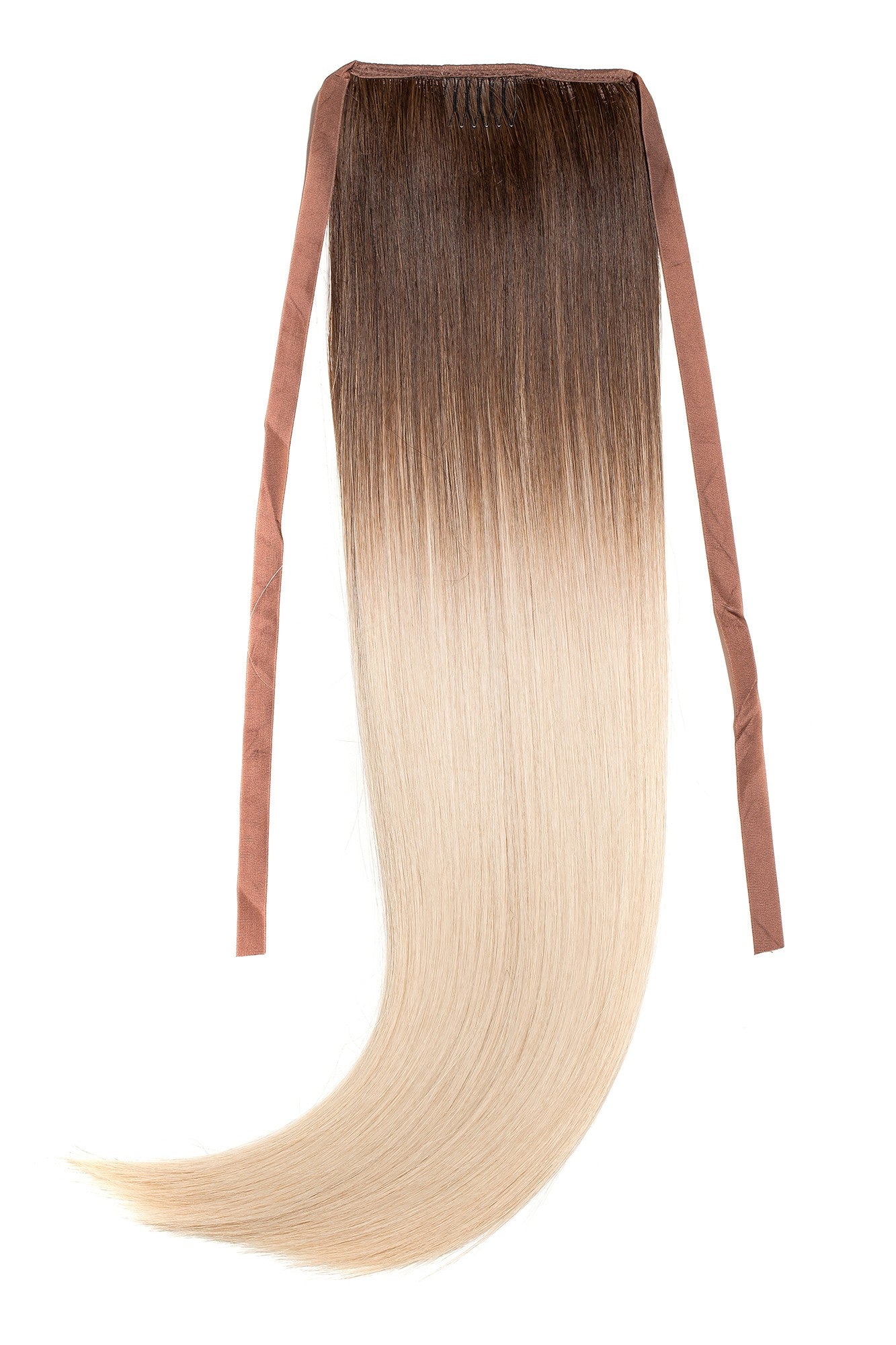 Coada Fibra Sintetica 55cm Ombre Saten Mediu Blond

...

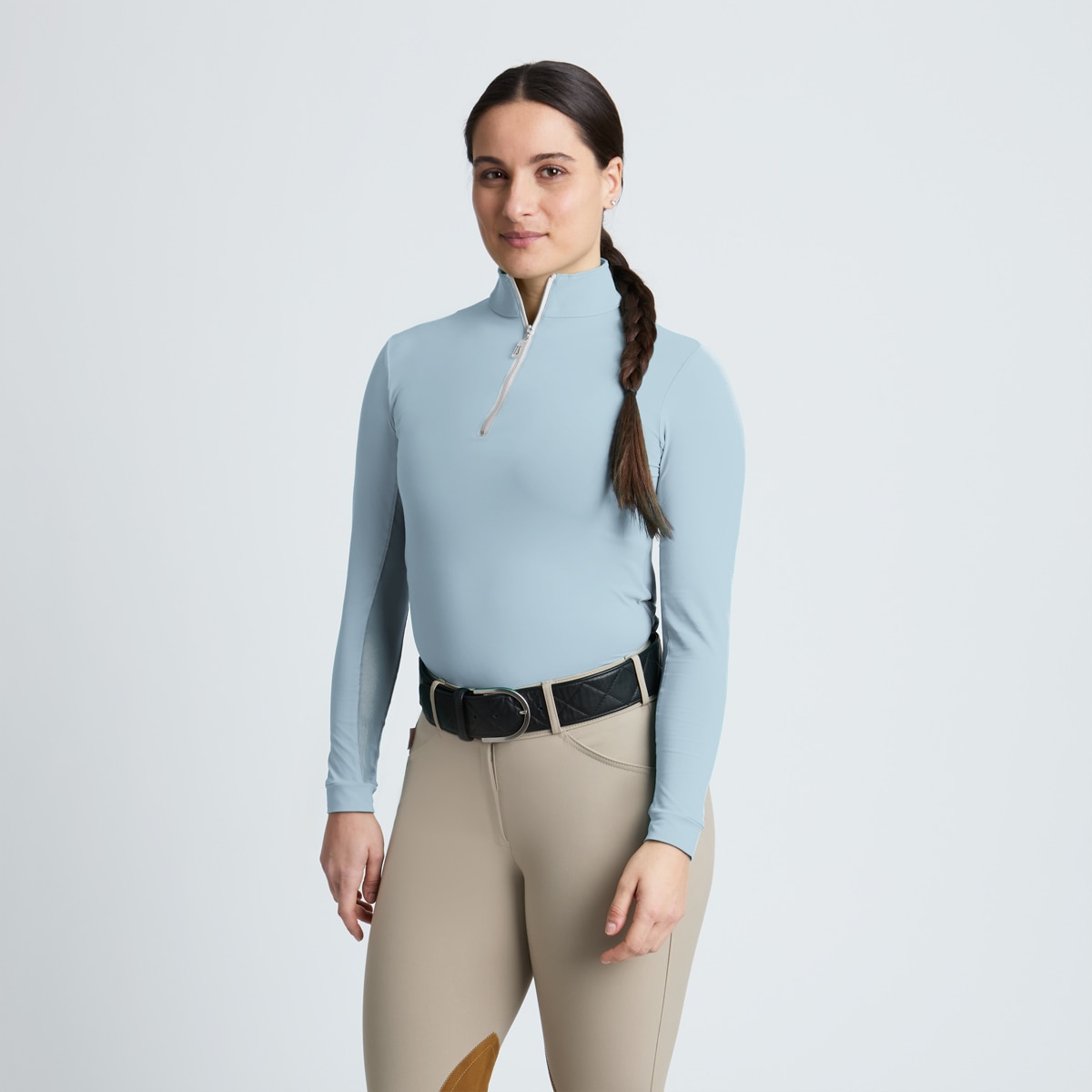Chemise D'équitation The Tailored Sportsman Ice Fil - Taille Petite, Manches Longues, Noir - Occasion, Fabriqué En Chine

--

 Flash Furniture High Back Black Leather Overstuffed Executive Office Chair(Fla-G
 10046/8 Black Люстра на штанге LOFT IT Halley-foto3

**Work request**
Answer with one number only: how many lines in the data contain the word "Black"?

**Written answer**
2